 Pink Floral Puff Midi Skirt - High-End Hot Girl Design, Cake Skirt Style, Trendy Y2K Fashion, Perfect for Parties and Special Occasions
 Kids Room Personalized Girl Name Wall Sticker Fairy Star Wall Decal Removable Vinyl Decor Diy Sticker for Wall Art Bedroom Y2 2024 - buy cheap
■ ■ ■ ■
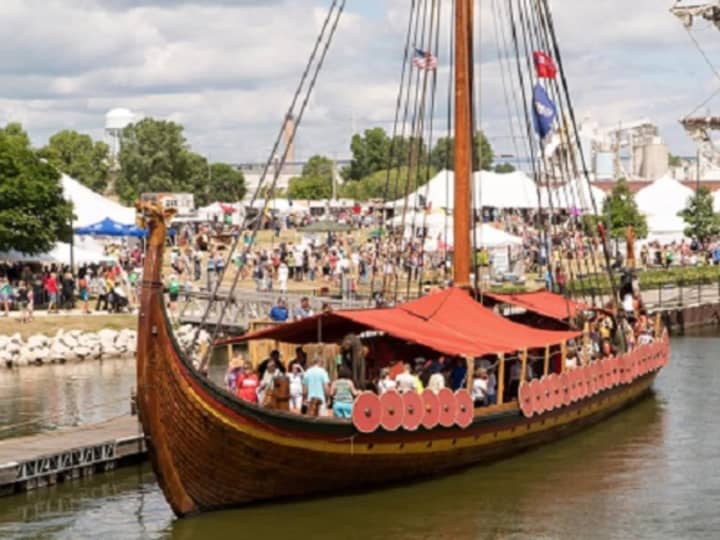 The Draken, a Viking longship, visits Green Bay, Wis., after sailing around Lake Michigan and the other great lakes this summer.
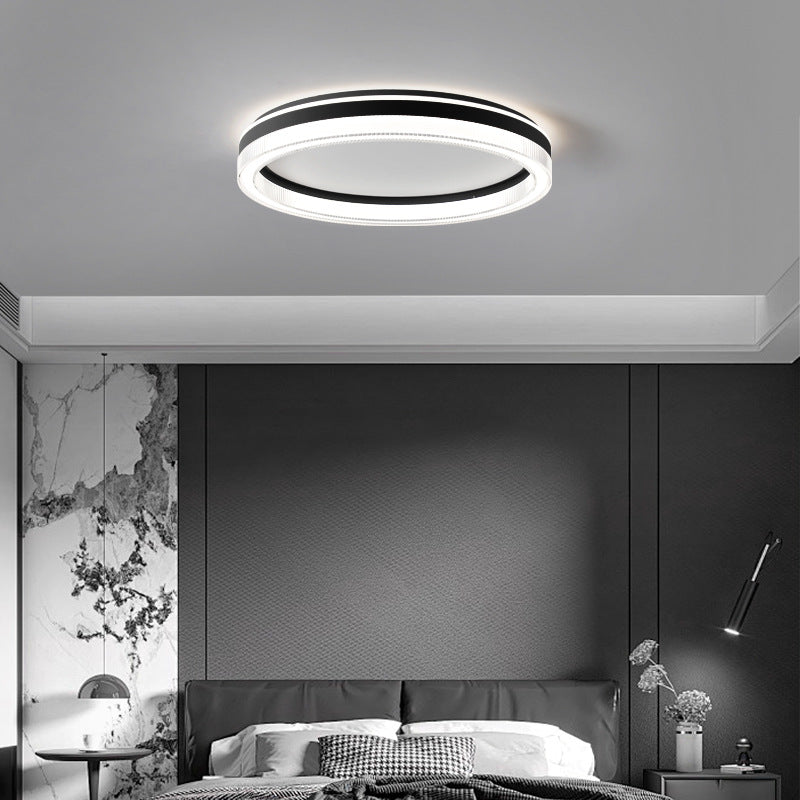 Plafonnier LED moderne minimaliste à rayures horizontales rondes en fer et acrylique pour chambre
■ ■ ■ ■
*WHAT THE TASK ASKS*:
Where a line in the records above includes the string "Girl", show it.

*EXERCISE OUTPUT*:
 Pink Floral Puff Midi Skirt - High-End Hot Girl Design, Cake Skirt Style, Trendy Y2K Fashion, Perfect for Parties and Special Occasions
 Kids Room Personalized Girl Name Wall Sticker Fairy Star Wall Decal Removable Vinyl Decor Diy Sticker for Wall Art Bedroom Y2 2024 - buy cheap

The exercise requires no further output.